• **Task to carry out**:
Copy the data that appears below exactly. Drop the pictures.

[Opening Records for the exercise section]

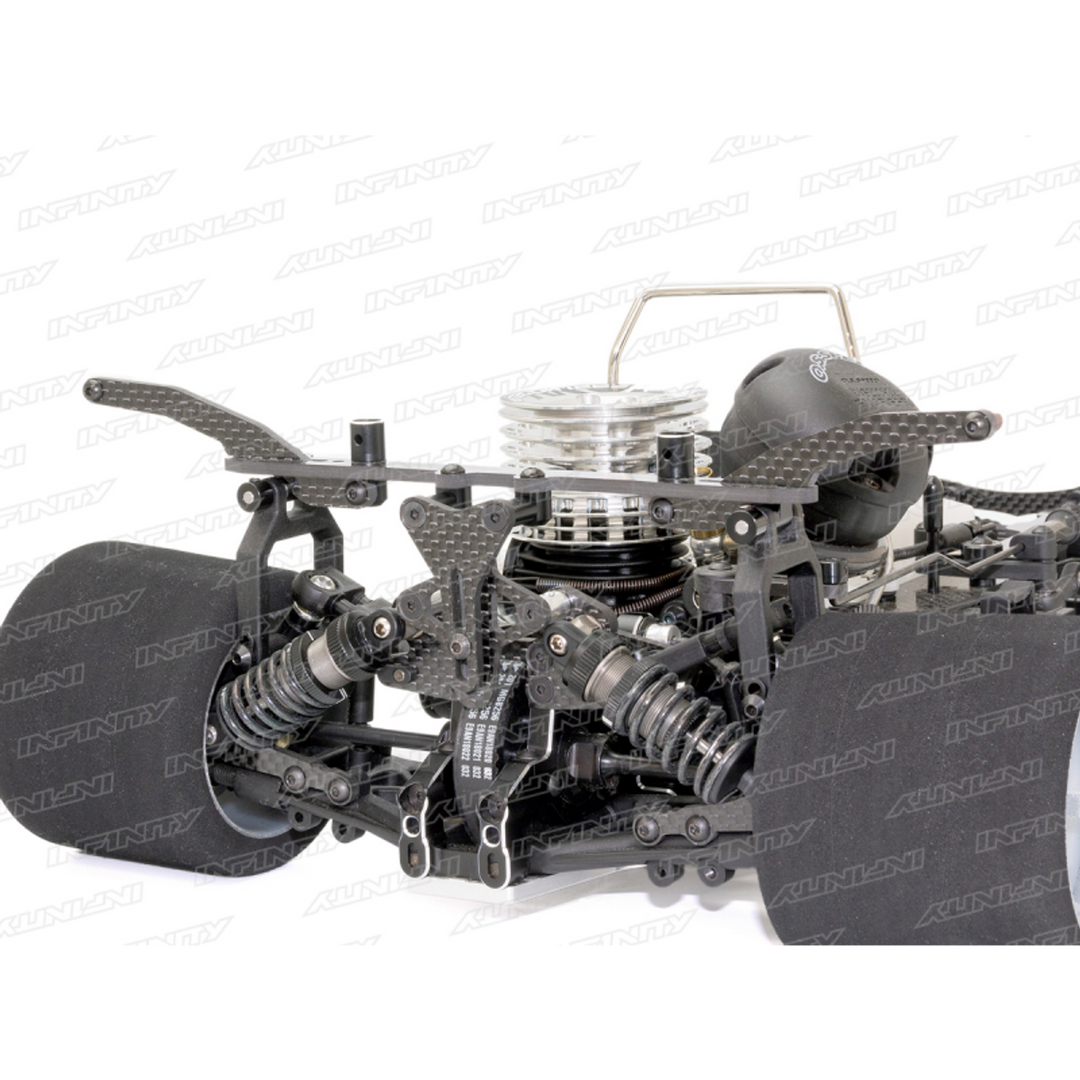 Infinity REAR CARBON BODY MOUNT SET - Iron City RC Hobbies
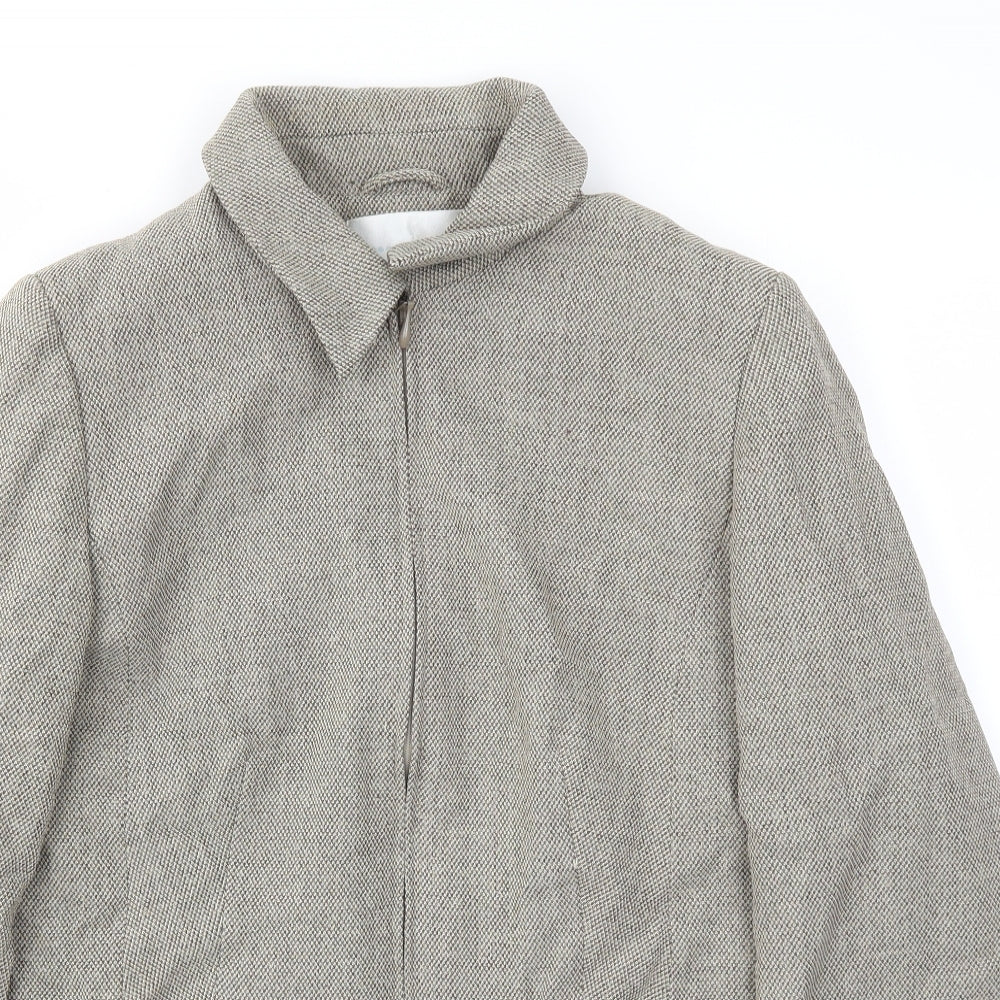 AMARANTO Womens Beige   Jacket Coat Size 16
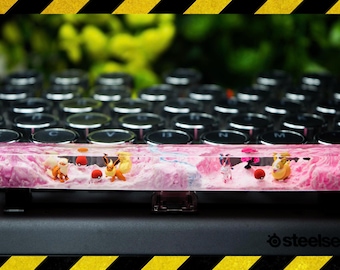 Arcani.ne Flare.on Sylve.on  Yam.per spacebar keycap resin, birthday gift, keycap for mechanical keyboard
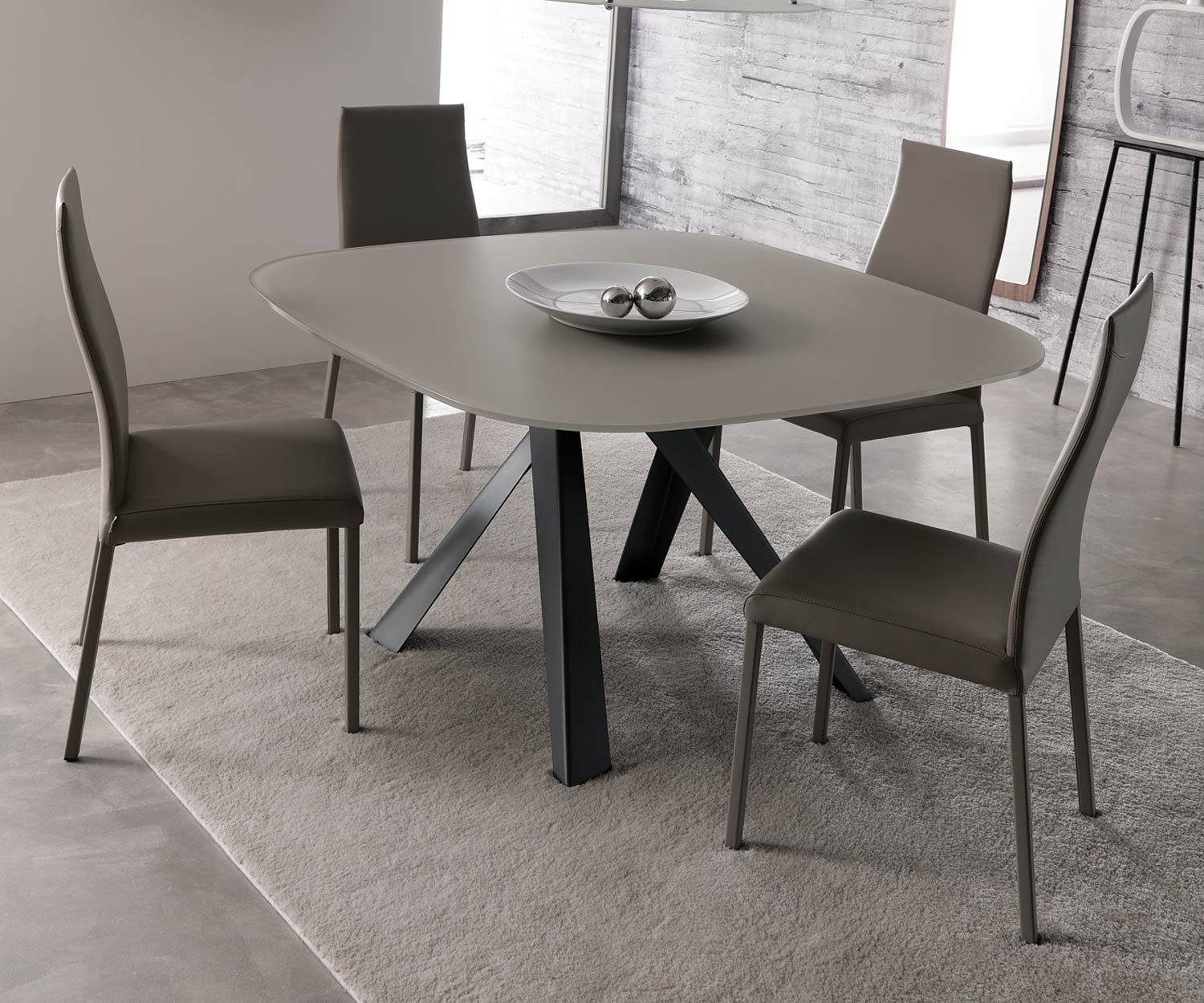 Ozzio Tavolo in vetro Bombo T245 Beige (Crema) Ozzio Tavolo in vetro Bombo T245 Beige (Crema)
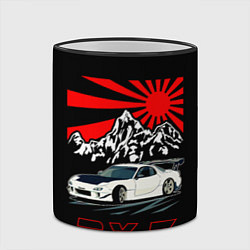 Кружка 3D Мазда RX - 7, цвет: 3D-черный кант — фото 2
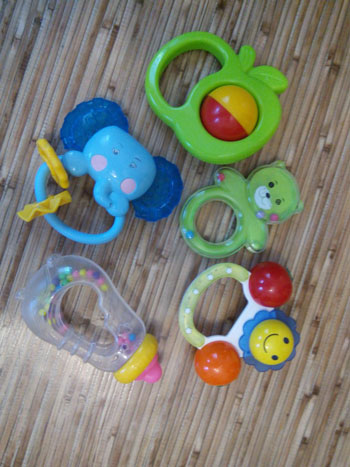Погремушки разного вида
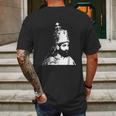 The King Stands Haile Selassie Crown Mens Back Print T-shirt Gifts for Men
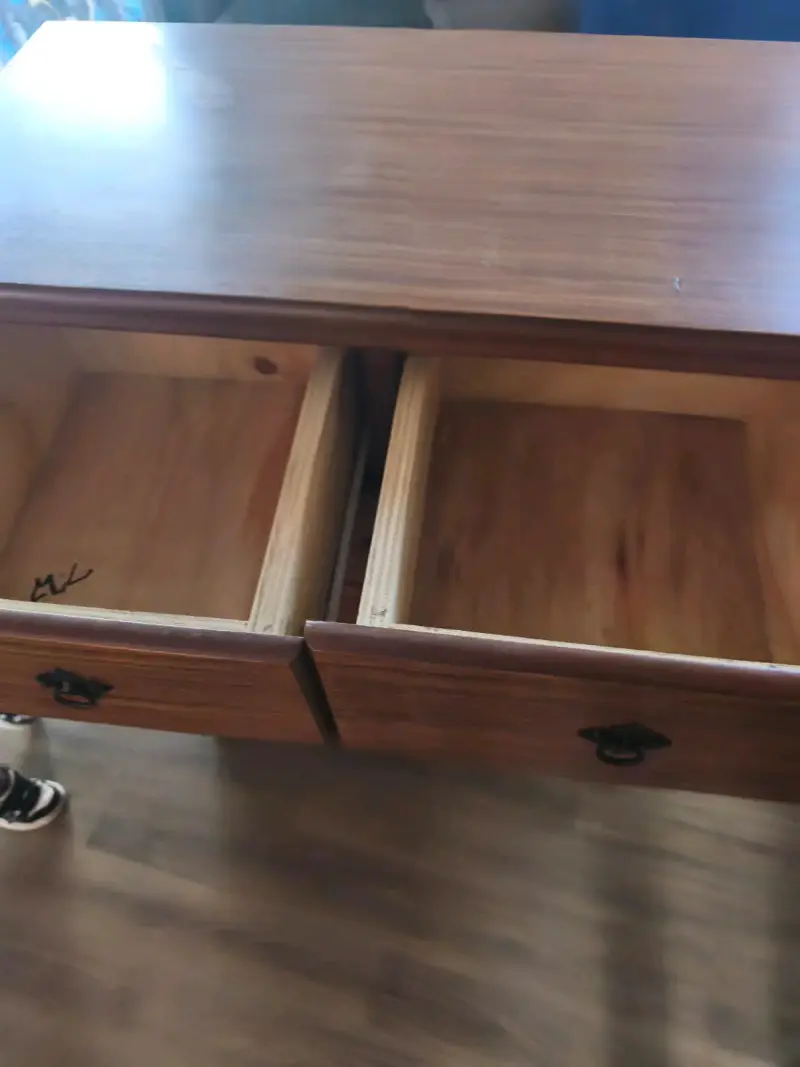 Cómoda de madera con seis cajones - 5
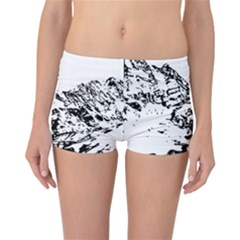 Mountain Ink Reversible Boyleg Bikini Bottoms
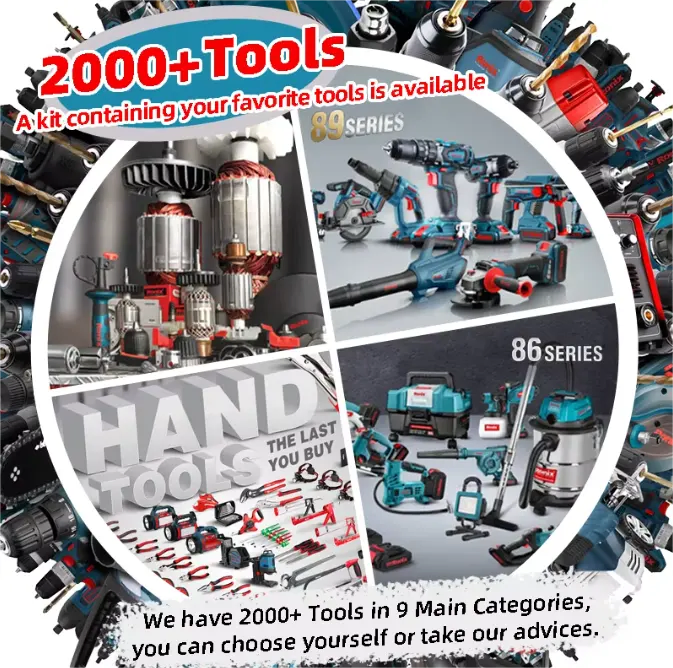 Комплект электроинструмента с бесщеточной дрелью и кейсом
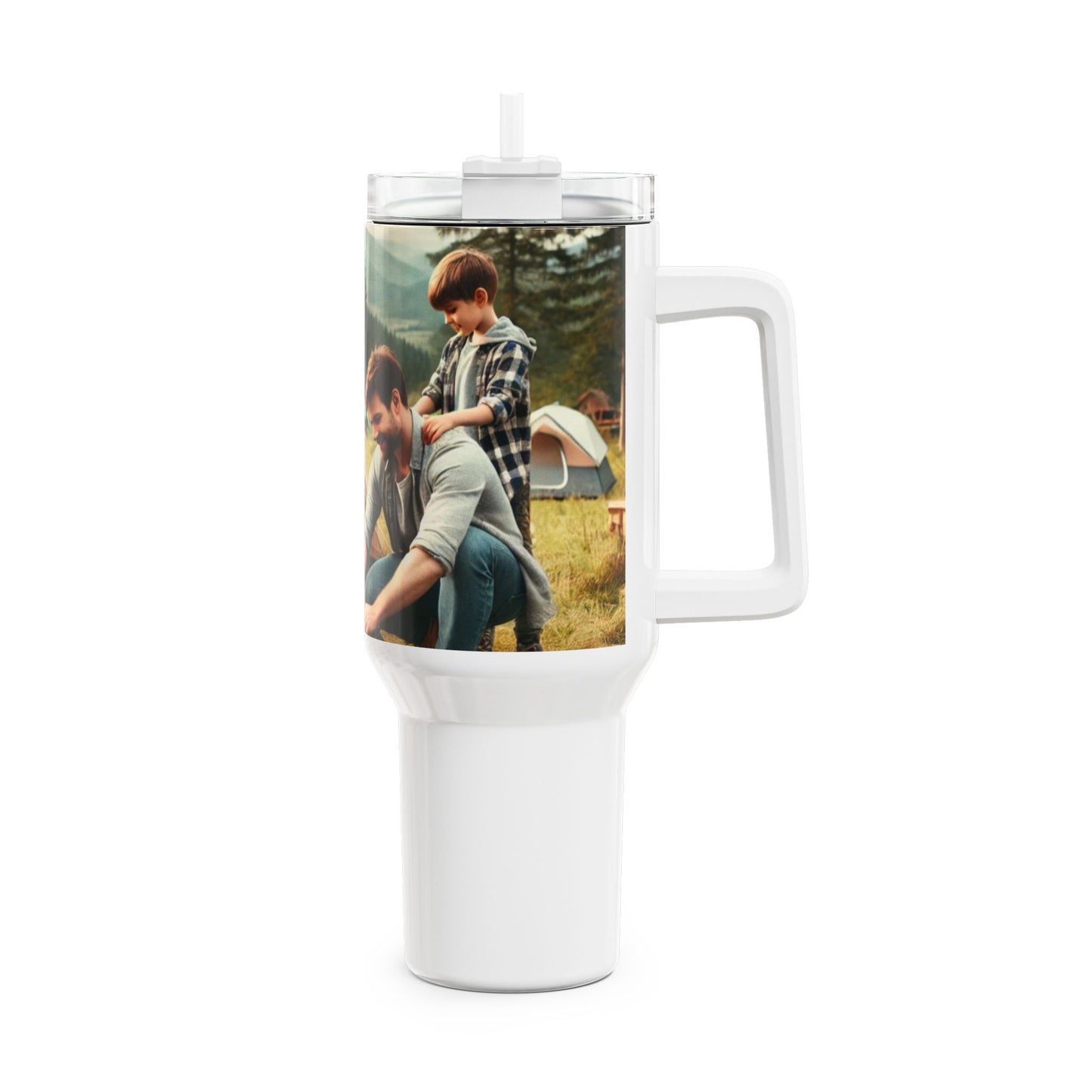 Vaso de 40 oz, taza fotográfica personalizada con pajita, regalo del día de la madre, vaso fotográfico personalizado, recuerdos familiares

[Closing Records for the exercise section]

• **Task solution**:
 Infinity REAR CARBON BODY MOUNT SET - Iron City RC Hobbies
 AMARANTO Womens Beige   Jacket Coat Size 16
 Arcani.ne Flare.on Sylve.on  Yam.per spacebar keycap resin, birthday gift, keycap for mechanical keyboard
 Ozzio Tavolo in vetro Bombo T245 Beige (Crema) Ozzio Tavolo in vetro Bombo T245 Beige (Crema)
 Кружка 3D Мазда RX - 7, цвет: 3D-черный кант — фото 2
Погремушки разного вида
 The King Stands Haile Selassie Crown Mens Back Print T-shirt Gifts for Men
 Cómoda de madera con seis cajones - 5
 Mountain Ink Reversible Boyleg Bikini Bottoms
 Комплект электроинструмента с бесщеточной дрелью и кейсом
 Vaso de 40 oz, taza fotográfica personalizada con pajita, regalo del día de la madre, vaso fotográfico personalizado, recuerdos familiares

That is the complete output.